Mick 'the Dig' Worthington

Mick has been involved in archaeology for almost 20 years. Way back in the 1970s, resplendent in his flared trousers (long gone, but the hairstyle has survived), he got into mechanical engineering and received a HND. Stuck in a factory, he missed the outdoors and so got a job as an archaeological assistant. He was hired simply because he owned a yellow Morris Minor van and no one else on the team had transport. Although he got into archaeology because he hated working in a factory, Mick's favourite period is industrial archaeology. Some of this has been in the Potteries and at Ironbridge in Shropshire, near where he has built his own house.

Mick's most exciting archaeological adventure was when he went to Egypt with Bristol University's Dr Mark Horton (who appeared most recently in the Alveston bone cave programme in the 2001 series). Mick was the excavation photographer, snapping baskets and sandals that were thousands of years old. It wasn't all work, however: Mick and Mark had a very interesting afternoon off that involved alcohol, a felucca, the River Nile and a picnic basket.
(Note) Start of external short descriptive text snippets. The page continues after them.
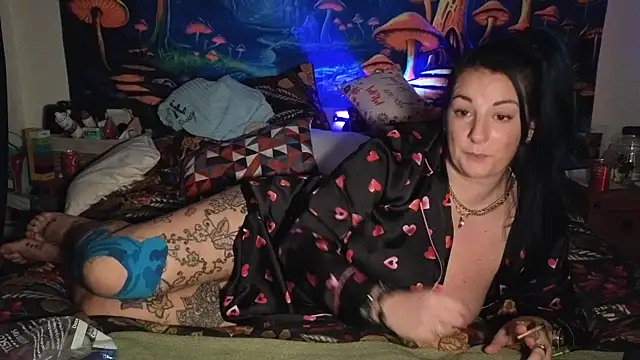 tattoomilf86 online show from January 21, 2025, 10:51 pm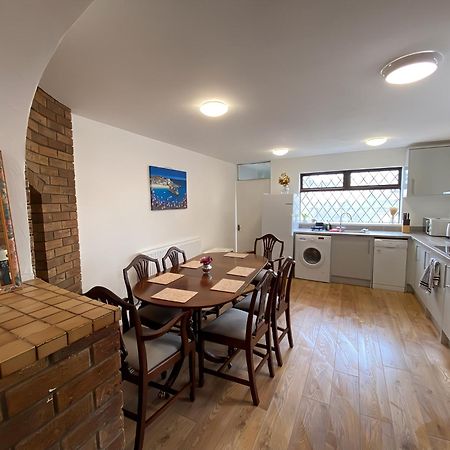 4-Bedroom Home - Perfect For Those Working In Bridgend - By Tailored Accommodation ภายนอก รูปภาพ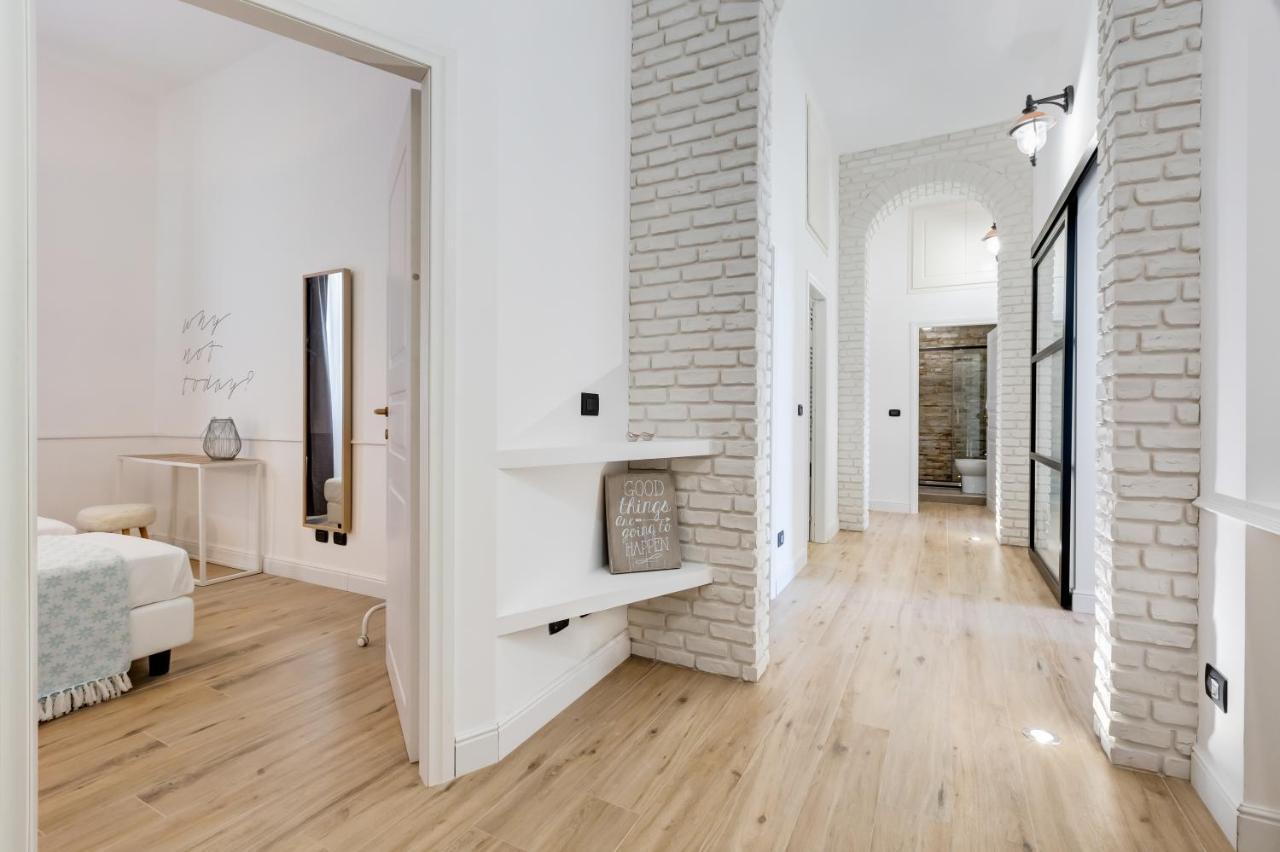 Bmga L Glam Industrial 3-Bed Apartment In Termini โรม ภายนอก รูปภาพ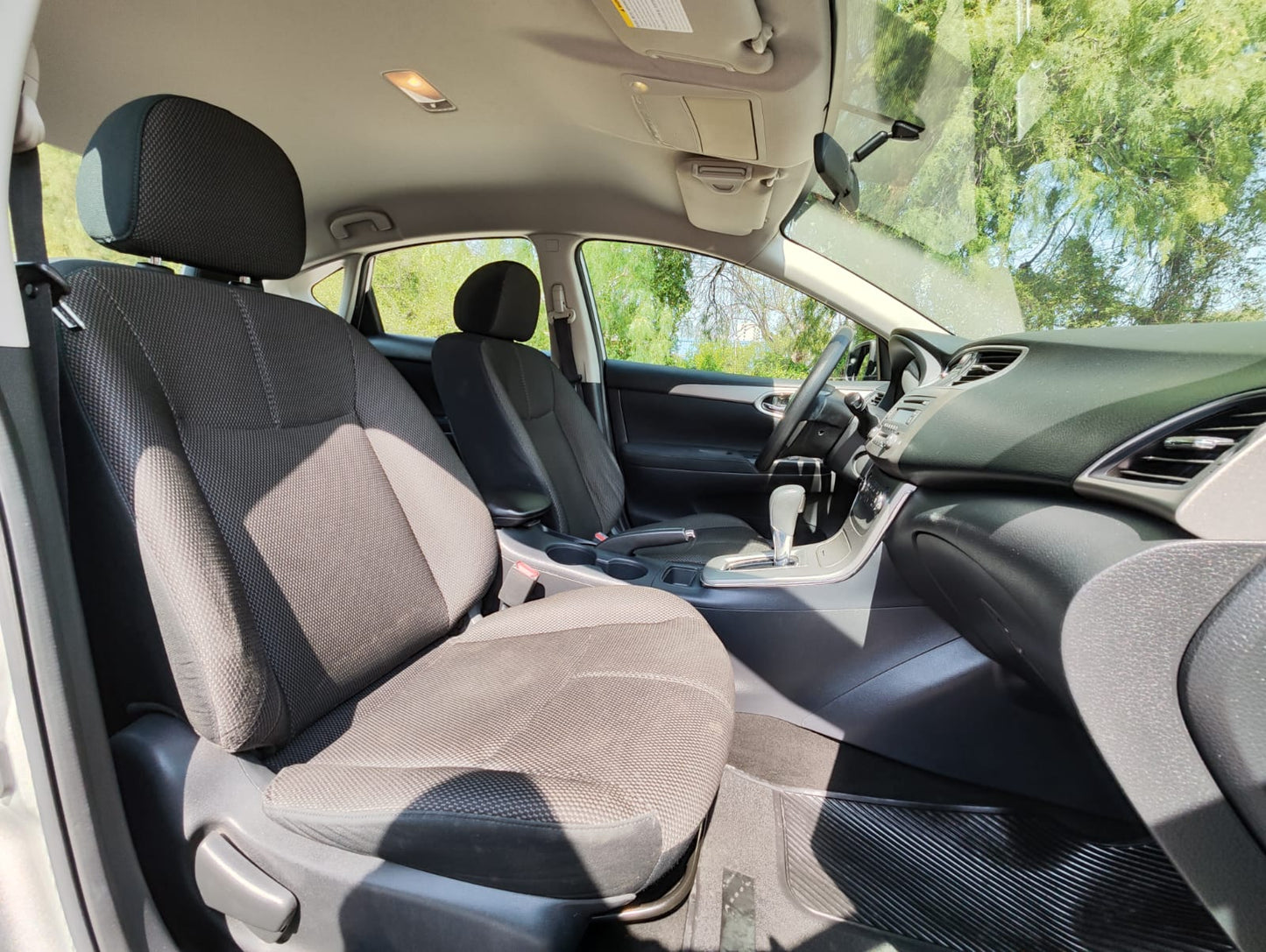 Nissan Sentra Sense 2015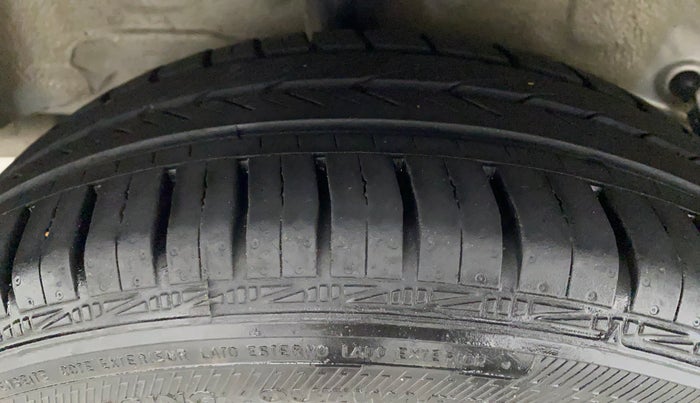 2017 Toyota Etios V PLATINUM, Petrol, Manual, 15,773 km, Right Rear Tyre Tread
As well as underground archaeology (Mick's interest in the industrial era has taken him down many mines), he also specialises in dendrochronology (dating timbers by comparing tree rings to those in a database of timber from the area). His advice to anyone who wants a career in archaeology is 'Don't – there's no money in it, so get a real job and do archaeology as a hobby!'

Unfortunately, Mick's digging days came to an end in 2001 as a result of dodgy knees, when doctors told him they couldn't sustain a life in the trenches. As a result, Mick has decided to concentrate on his dendrochronology work. He appeared in the 2002 series in his new capacity as a dendrochronologist, earning himself the new moniker of Mick 'the Twig' in the process.